Das Landgericht Arnsberg gab der Klage teilweise statt und verurteilte den Beklagten dazu, von den Dachpfannen ausgehende Blendwirkungen mit einer Leuchtdichte von 100.000 Candela pro Quadratmeter oder höher zu verhindern. Eine solche, nicht mehr zumutbare Blendwirkung gehe von den im Bereich der Ortgänge und dem Dachfirst verlegten hochglänzend glasierten Dachziegeln in dem Zeitraum April bis Oktober von 10.30 Uhr bis ca. 14.30 Uhr aus, wie der vom Gericht beauftragte Sachverständige festgestellt habe.

Maßgeblich für Beurteilung der Wesentlichkeit der Blendwirkung ist Empfinden eines verständigen Durch­schnitts­menschen

Die Berufung der Kläger gegen dieses Urteil, mit der sie vom Beklagten weiterhin verlangten, die von dem Dach seines Gebäudes ausgehenden und ihr Haus betreffenden Blendwirkungen insgesamt zu verhindern, hatte keinen Erfolg. Das Oberlan­des­gericht Hamm entschied, dass das Landgericht zu Recht einen über die erfolgte Verurteilung des Beklagen hinausgehenden Anspruch der Kläger verneint habe. Zwar werde durch die vom Dach des Hauses des Beklagten ausgehenden Licht­re­fle­xionen das Grundeigentum der Kläger beeinträchtigt. Allerdings seien die Kläger nach dem Ergebnis der Beweisaufnahme dazu verpflichtet, die von den engobierten Dachpfannen ausgehenden Licht­re­fle­xionen - gemäß § 1004 Abs. 2 BGB - zu dulden, weil es sich um unwesentliche Beein­träch­ti­gungen - im Sinne von § 906 Abs. 1 BGB - handele. Verbindliche Richtwerte, bei deren Überschreitung eine wesentliche Beein­träch­tigung indiziert wäre, gebe es - soweit ersichtlich - nicht. Maßgeblich für die Beurteilung der Wesentlichkeit sei daher das Empfinden eines verständigen Durch­schnitts­menschen, wobei auf die konkreten Umstände des Einzelfalls wie die Dauer der Blendwirkung, die Intensität der Lichtreflexe und die daraus resultierenden Auswirkungen auf die Nutzung des betroffenen Grundstücks abzustellen sei. Deshalb könne nicht schematisch von einer Erheblichkeit ab einer Lichtstärke von 100.000 Candela pro Quadrat­me­ter­aus­ge­gangen werden, wie sie in vereinzelten landes­recht­lichen Regelwerken zu der zulässigen Lichtstärke von Photo­vol­taik­anlagen festgelegt sei, wenngleich bei deren Erreichen regelmäßig eine Wesentlichkeit vorliegen dürfte.

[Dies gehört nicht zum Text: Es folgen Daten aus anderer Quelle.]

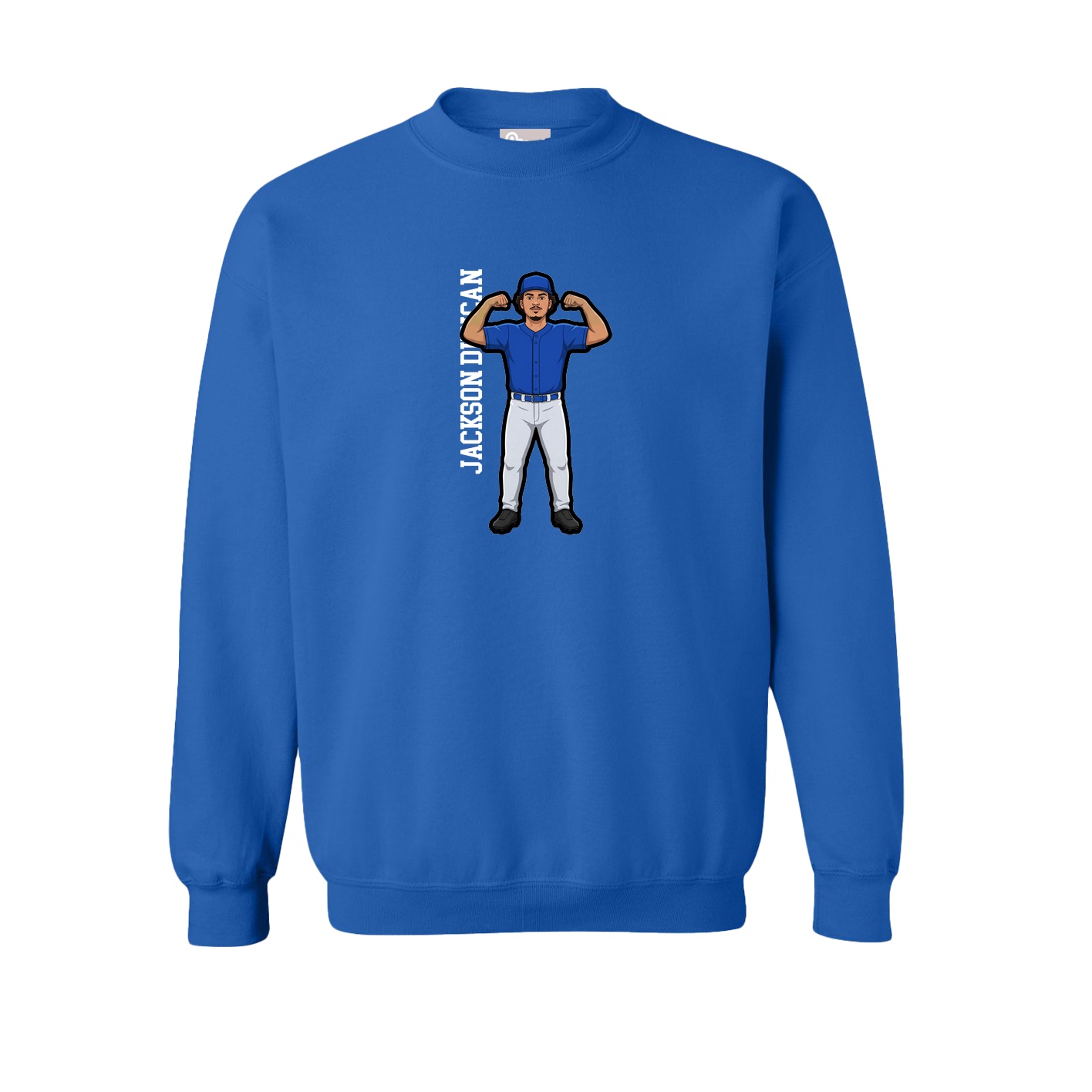 Fleece Crew — Name Vertical in Royal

Wesentliche Beein­träch­tigung durch Dachpfannen im vorliegenden Einzelfall nicht ersichtlich

Nach den Feststellungen des Sachver­ständigen sowie den Eindrücken bei einem vom Gericht im Juni 2019 durchgeführten Ortstermin könne eine wesentliche Beein­träch­tigung durch die engobierten Dachpfannen in dem vorliegenden Einzelfall nicht angenommen werden. Einen solchen Ortstermin hatte das Oberlan­des­gericht - anders als noch das Landgericht - hier für notwendig gehalten, um sich einen eigenen, fundierten Eindruck vor Ort von den Auswirkungen der Lichtreflexe zu verschaffen.